▶ [Your assignment]:
Reproduce exactly the lines from the one containing "Voorscherm rechts orgineel" through the end of the listing, minus the pictures.

▶ [Records for this exercise]:

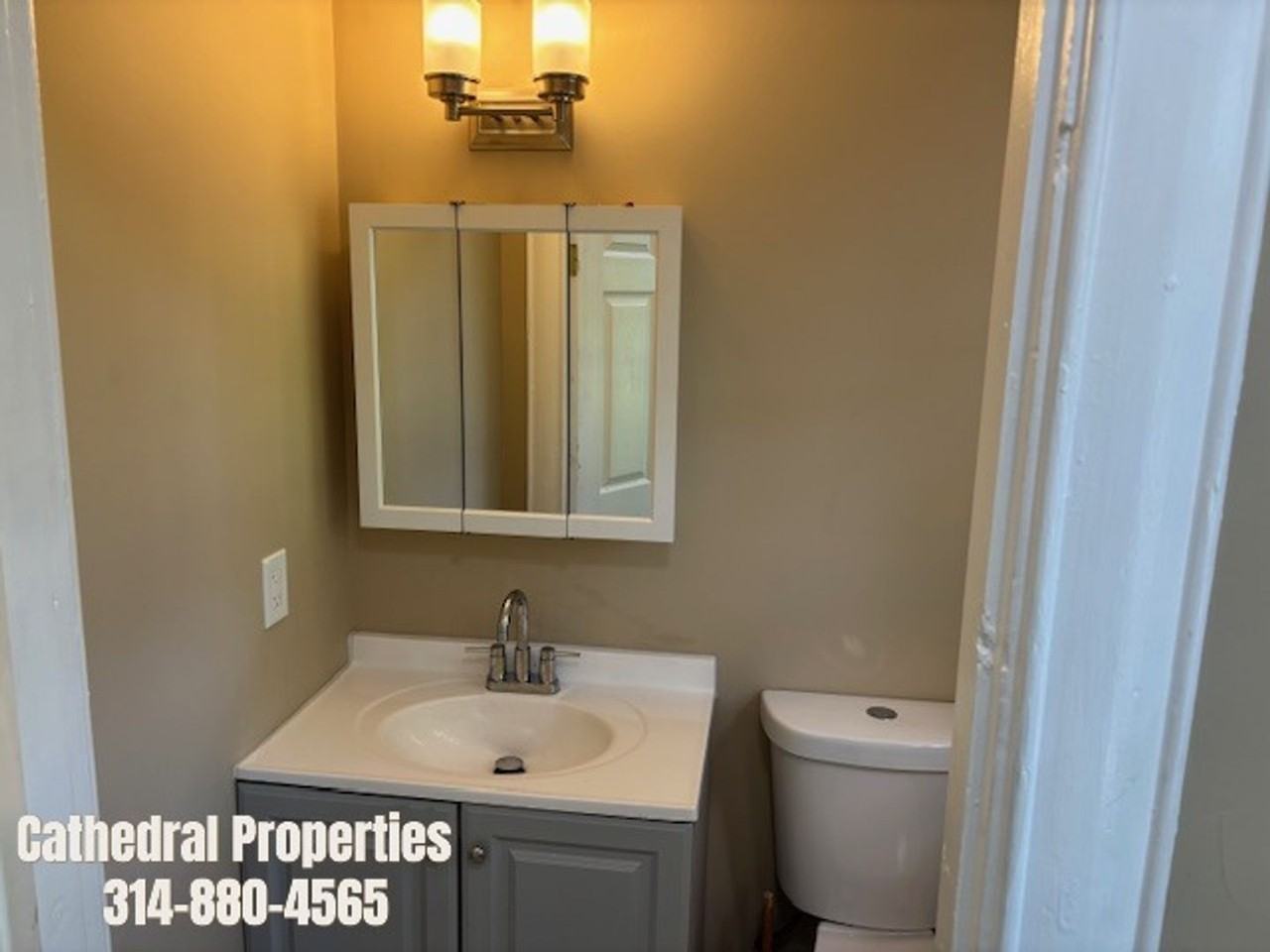 3634 Cambridge Ave - Photo 6 of 7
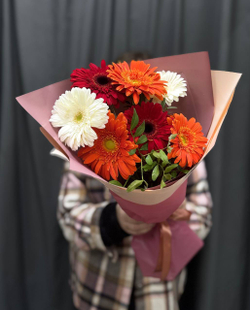 Букет из гербер с добавлением танацетума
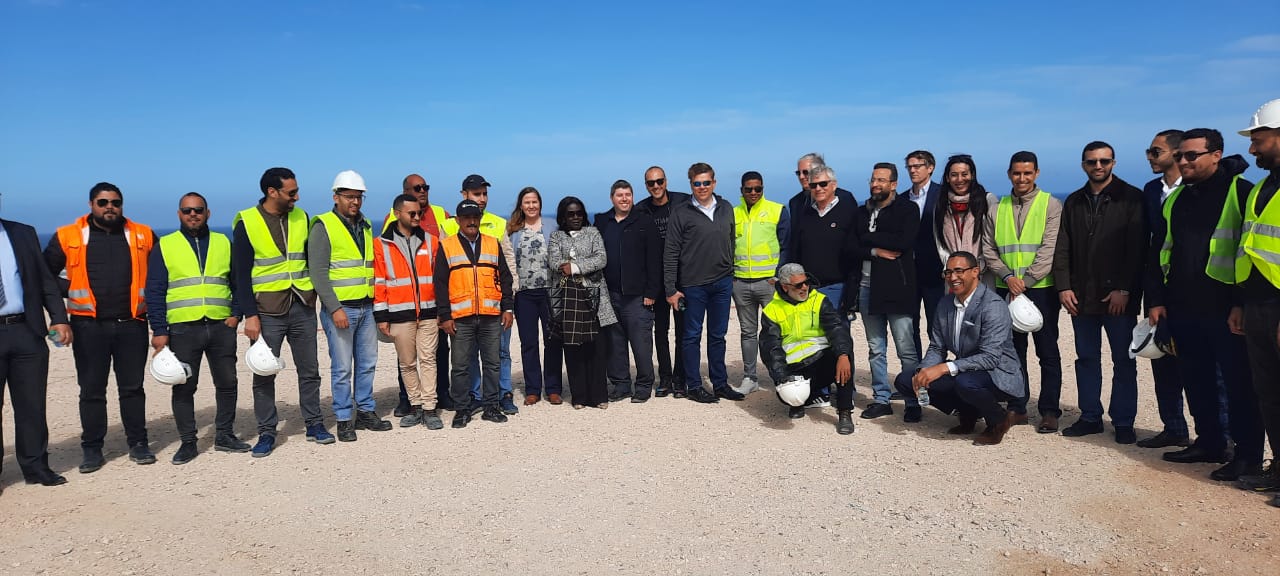  وفد أمريكي وآخر من البيرو يقومان بزيارة لموقع مشروع ميناء "الداخلة الأطلسي" 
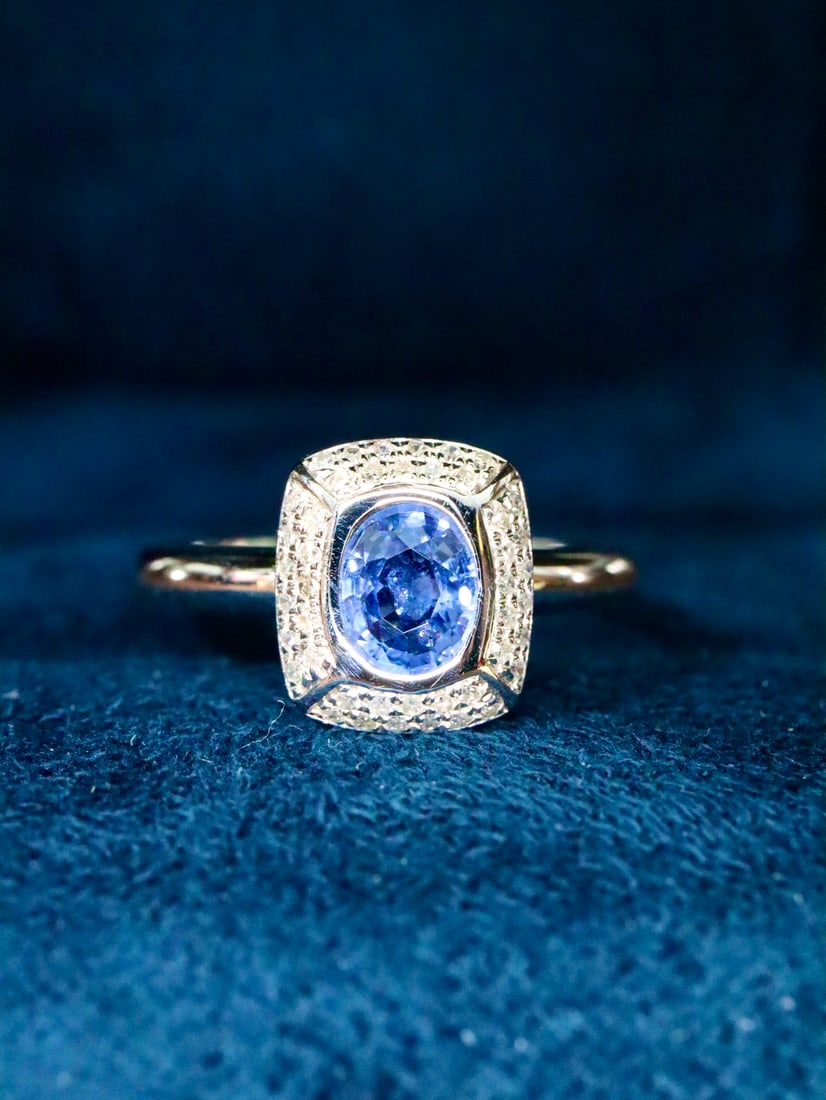 18K Gold Sapphire Ring with 1.05ct Sapphire and 0.176ct Diamonds - 4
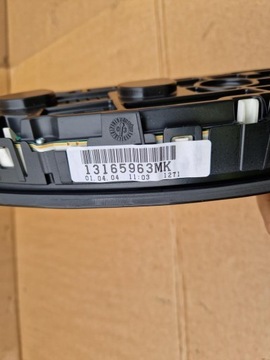 BUDÍK LICZNIK13165963 SIGNUM OPEL VECTRA C 2.2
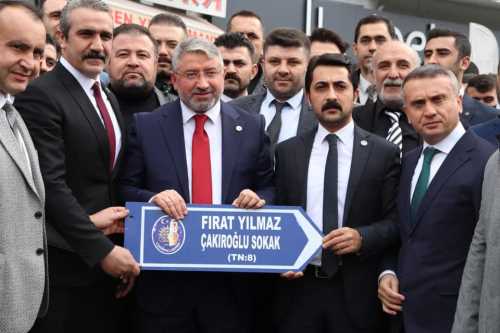 Fırat Yılmaz Çakıroğlu Tabelası Dualarla Takıldı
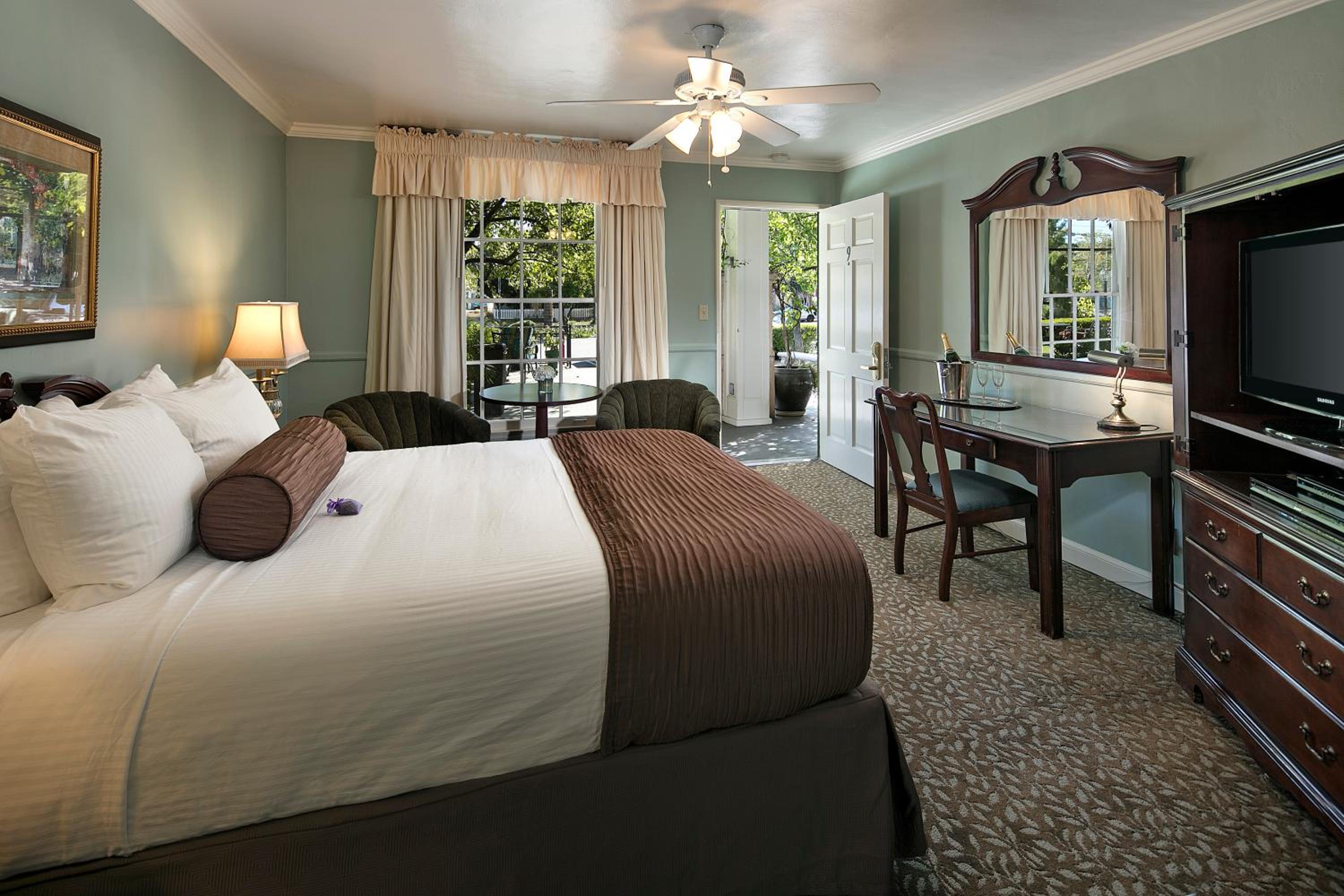 Queen Room photo 1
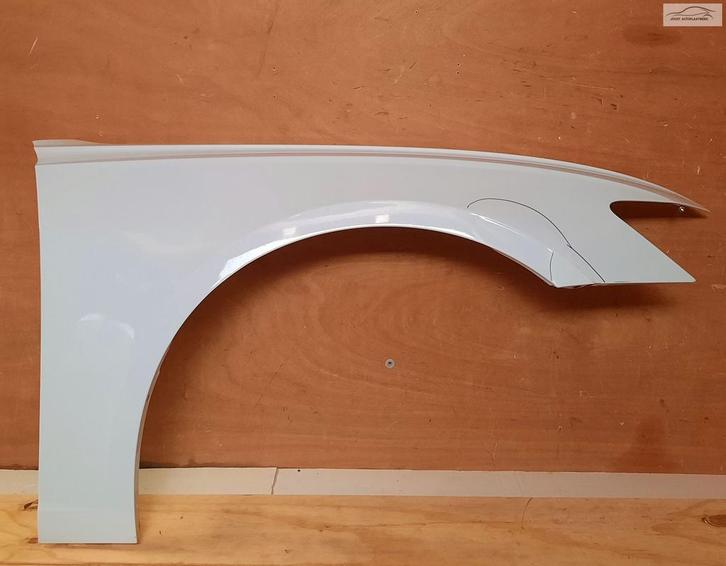 Voorscherm rechts orgineel aluminium Audi A6 C8 vanaf 2018, Auto-onderdelen, Carrosserie, Spatbord, Audi, Rechts, Gebruikt, Herkomst onderdeel bekend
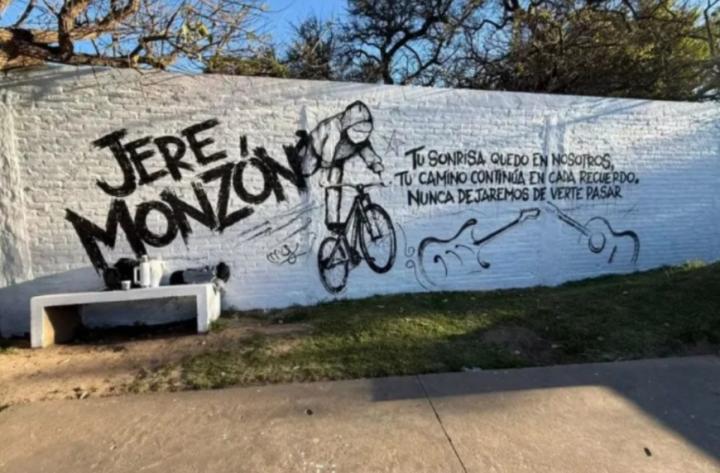 Inauguraron un mural en homenaje a Jeremías Monzón en la Costanera de Santo Tomé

▶ [Exercise result]:
 Voorscherm rechts orgineel aluminium Audi A6 C8 vanaf 2018, Auto-onderdelen, Carrosserie, Spatbord, Audi, Rechts, Gebruikt, Herkomst onderdeel bekend
 Inauguraron un mural en homenaje a Jeremías Monzón en la Costanera de Santo Tomé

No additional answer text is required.